▶ [WHAT TO DO] With pictures left out, output exactly the lines of the listing below from the line that has "Transitional Side Tables" to the line that has "Abada Medina Marrakech 别墅", both lines kept.

▶ [MATERIAL FOR THE TASK]

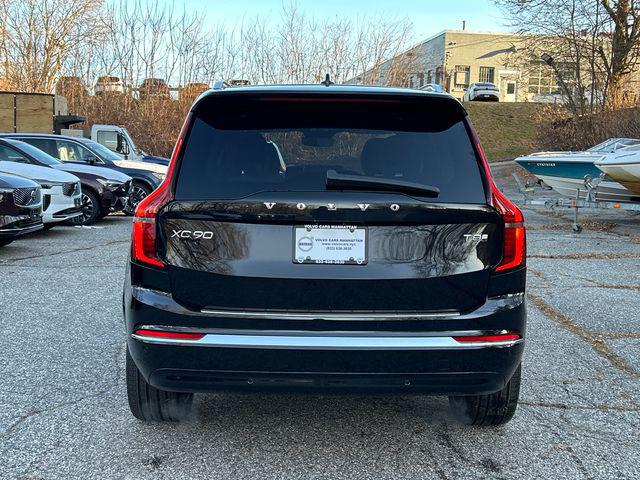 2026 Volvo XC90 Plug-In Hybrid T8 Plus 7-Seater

==

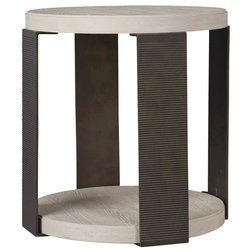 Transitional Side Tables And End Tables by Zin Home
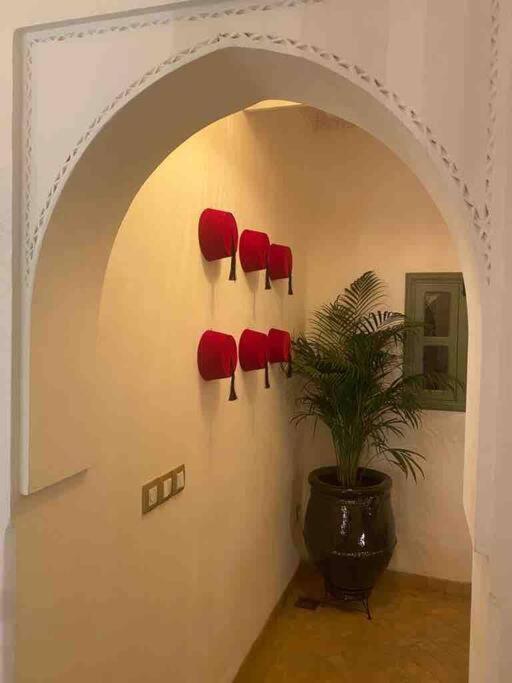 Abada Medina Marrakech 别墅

--

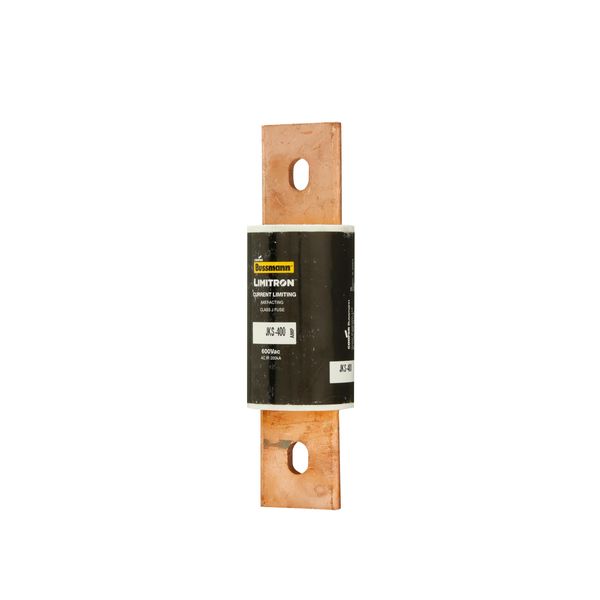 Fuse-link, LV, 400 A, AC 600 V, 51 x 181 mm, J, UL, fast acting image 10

▶ [TASK ANSWER]
 Transitional Side Tables And End Tables by Zin Home
 Abada Medina Marrakech 别墅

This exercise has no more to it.